La primera secuencia de To the North invita a recordar la trágica y reciente Mediterráneo (Marcel Barrena, 2021): sumergidos, nos compadecemos de Dumitru a la vez que rezamos junto al tripulante Joel que, compinchado con algún colaborador no muy convencido, intentará aguantar, durante cuatro angustiosos días, el vaivén del buque. También podemos recordar a lo que hizo el ya fallecido Agustí Villaronga en su última película, El vientre del mar, donde se nos planteaba un drama acuático y que desafiaba al espectador metiéndolo en la piel del inmigrante que ha de arriesgar su vida por la promesa de un futuro más digno.

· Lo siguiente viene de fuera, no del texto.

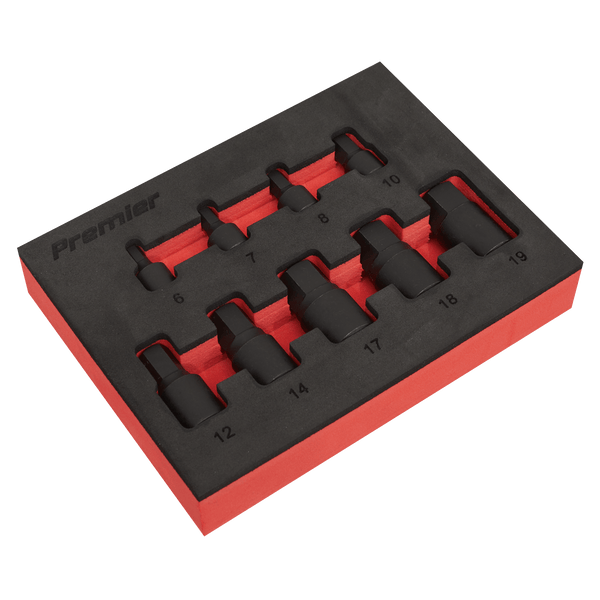 Sealey Socket & Bit Sets 9pc 1/4" & 3/8"Sq Drive Low Profile Hex Impact Socket Bit Set-AK5525 5054511827248 AK5525 - Buy Direct from Spare and Square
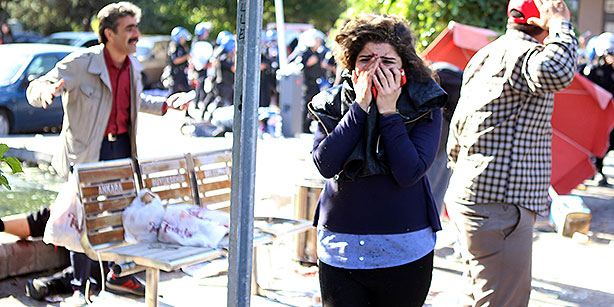 A shocked survicior of the massacre in Ankara on October 10th, 2015. (AP)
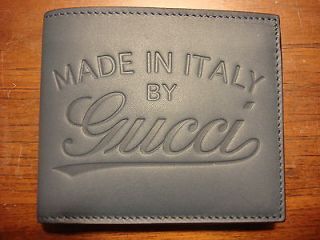   classic blue bi fold wallet w/embossed vintage gucci trademark ITALY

Y hablando de dignidad, en To the North la religión y la fe tienen un peso importante: el protagonista polizonte guarda una Biblia como un tesoro. Cree que la va a salvar (no sabemos si de veras está convencido espiritualmente de ello o simplemente se recuesta, desesperado, sobre lo primero que pilla). Hay algo realmente conmovedor y atroz en las muecas de los protagonistas. Los planos se encuadran en lo cercano, se aproximan sin temor tanto a verdugos como a las víctimas. Sanguinaria y nerviosa, la cámara somatiza el óxido color muerte y ese odio instintivo del cazador para ilustrar con crudeza el miedo del perseguido. Parece que el foco, previsor, quiera inmortalizar esas caras, esas miradas, esas sonrisas interrumpidas y frustradas, esos gestos de humanidad. Irrumpe una escena de sobremesa (encuadre fijado a media altura, sentando a los espectadores con los comensales) que nos recuerda a la fatídica As bestas. De nuevo, una hipertensión que nos congela y nos mantiene en vilo. Mincan logra mantenernos conectados a su trama. Nos convierte en los confidentes de su carguero. También en cómplices del intento de salvación. Uno de los oficiales profiere: «Nunca hablamos del mar». Nos advierte, también a nosotros, que lo que pasa en medio de la inmensidad, en esa suerte de no lugar, donde el tiempo parece paralizarse, no hay normas. Y si no fuera por las muestras de piedad de Joel hacia el muchacho, estaríamos hablando de una barbarie. Por eso es importante, por ejemplo, que la humanidad empiece justo cuando ellos dos se presentan y se intercambian los nombres. Parecería una pequeña muestra de formalidad cotidiana, pero es mucho más que eso: es el principio de la humanización; la fundación de una pequeña civilización entre los dos protagonistas.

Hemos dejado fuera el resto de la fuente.